Requirement —
Take the listing below and print exactly the lines starting at the line containing "Ceramic bonsai bowl" and ending at the line containing "BUFFER® Termal Akım", both ends included, and no others.

Task inputs —
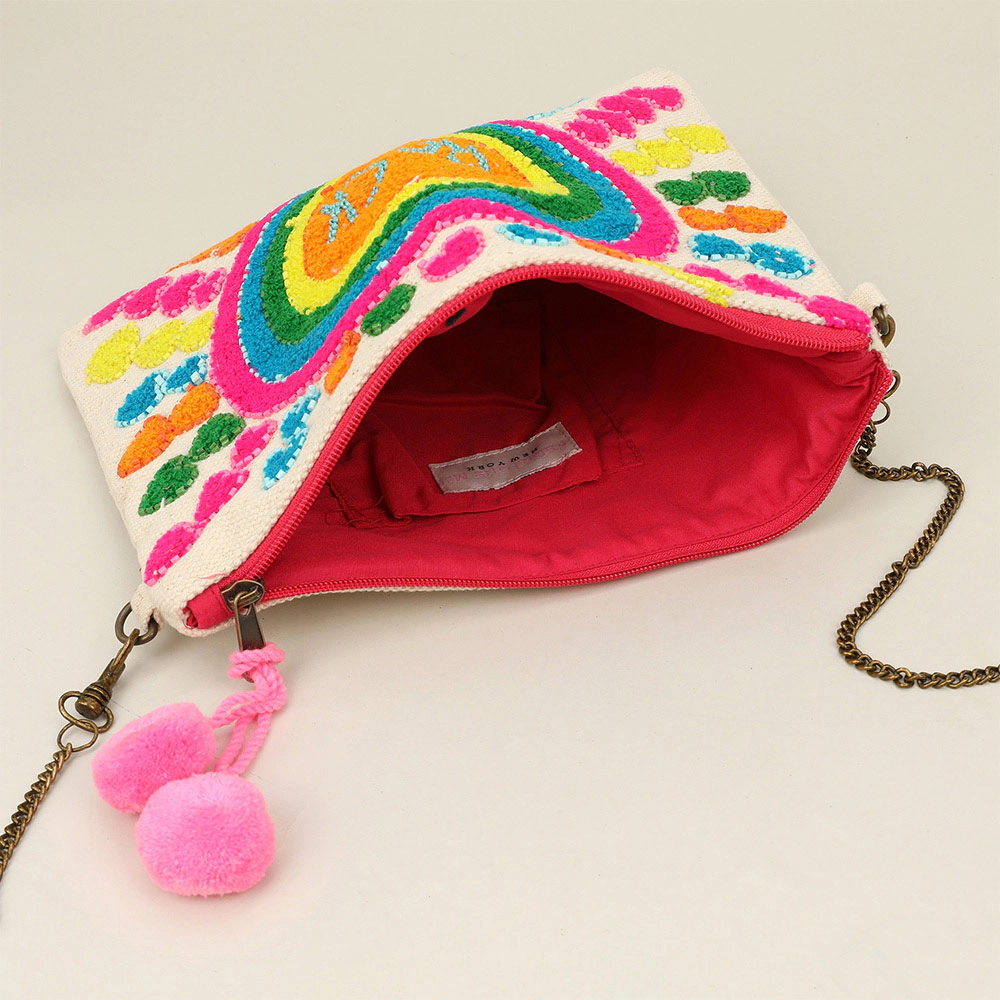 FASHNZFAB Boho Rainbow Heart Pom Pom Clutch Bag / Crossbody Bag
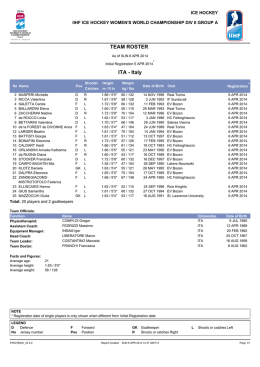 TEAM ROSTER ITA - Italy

==

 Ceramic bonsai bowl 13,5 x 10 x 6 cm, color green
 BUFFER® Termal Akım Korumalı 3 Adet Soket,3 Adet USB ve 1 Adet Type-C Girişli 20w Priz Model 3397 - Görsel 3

Written solution —
 Ceramic bonsai bowl 13,5 x 10 x 6 cm, color green
 BUFFER® Termal Akım Korumalı 3 Adet Soket,3 Adet USB ve 1 Adet Type-C Girişli 20w Priz Model 3397 - Görsel 3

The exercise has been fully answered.